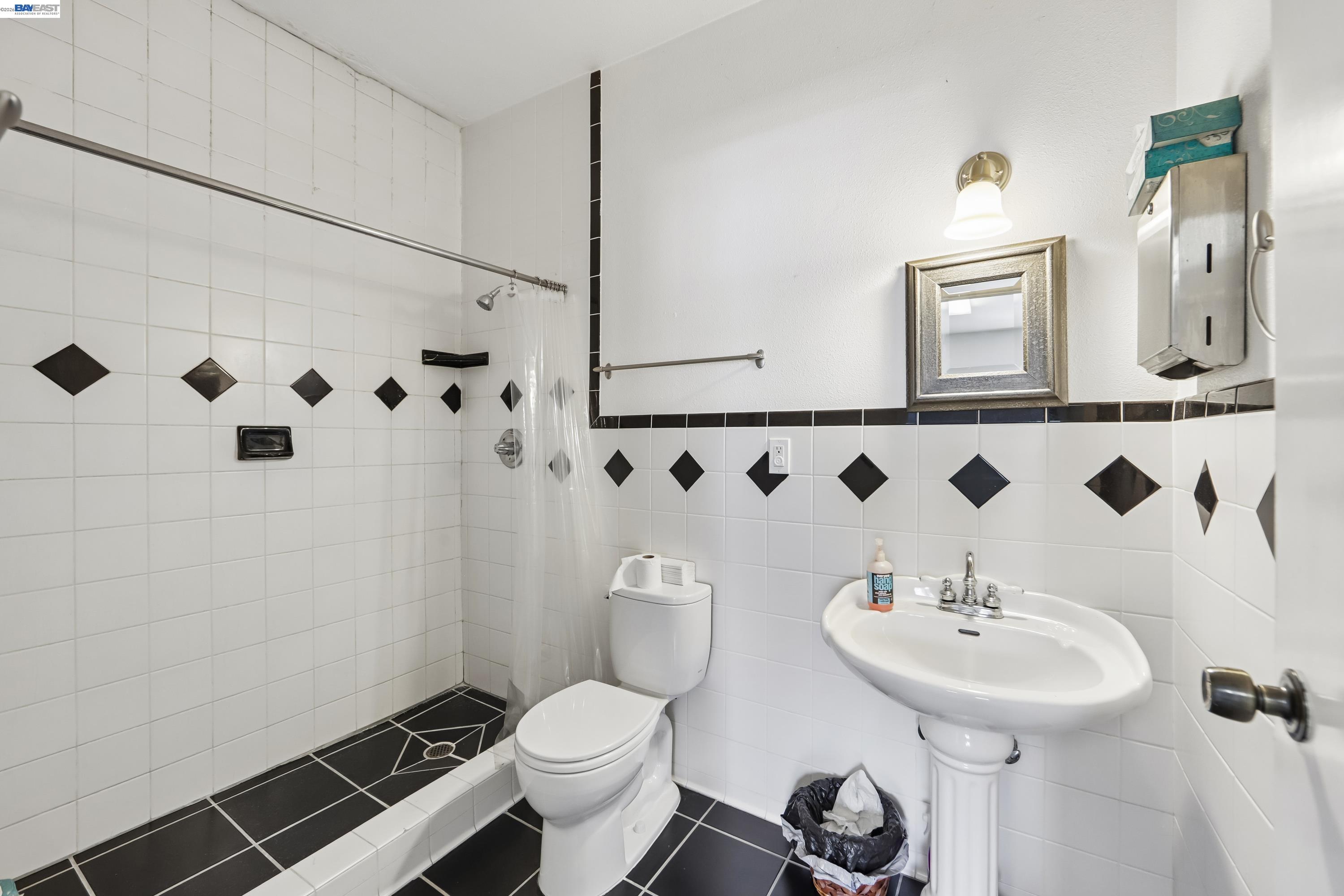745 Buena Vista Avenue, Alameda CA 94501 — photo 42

§

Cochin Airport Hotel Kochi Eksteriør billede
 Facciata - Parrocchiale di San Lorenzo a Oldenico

§

◆ How to complete this task: Reproduce the lines of the entries above from the one with "Cochin Airport Hotel Kochi Eksteriør billede" to the one with "Facciata - Parrocchiale", both included, exactly and without any other line.

◆ Reply to the task:
Cochin Airport Hotel Kochi Eksteriør billede
 Facciata - Parrocchiale di San Lorenzo a Oldenico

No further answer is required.